Get used to disappointment. That is what it means to be on top.

You could rearrange the world so that there was another power to hold the US
accountable, but you might then have difficulty holding _them_ accountable.

------
Arubis
As embarrassing as this is from the US side of things, it actually gives
credibility to the ICC that the Department of State feels it necessary to push
back against them.

------
jadell
From the ICC's standpoint, a simple counter to this would be to have member
countries deny entry to any US citizen on the ICC's "needs investigation"
list. That includes heads-of-state and their representatives.

Not that I'm advocating for that, but it seems like a solution that would be
pretty simple to implement.

------
mindcrash
This isn't news. At all.

The United States does not, and never has, recognized the International
Criminal Court. To the point that they will not bat an eye and declare war on
the Netherlands in case a American soldier will be held in jail in The Hague
for questioning and appearing before the Court.

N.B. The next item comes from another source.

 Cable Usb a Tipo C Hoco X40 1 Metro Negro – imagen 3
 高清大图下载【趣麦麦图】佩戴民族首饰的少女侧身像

And this actually is nothing new and predates the Trump presidency FOR YEARS
(17 to be exact):

The "Hague Invasion Act" like Pizza mentioned below or "American Service-
Members' Protection Act" which is its official name was signed into law by W
on August 2, 2002 and upheld ever since -- yes, even throughout the Obama era.

[https://en.wikipedia.org/wiki/American_Service-
Members'_Prot...](https://en.wikipedia.org/wiki/American_Service-
Members'_Protection_Act)

EDIT: -1 for facts? That's new.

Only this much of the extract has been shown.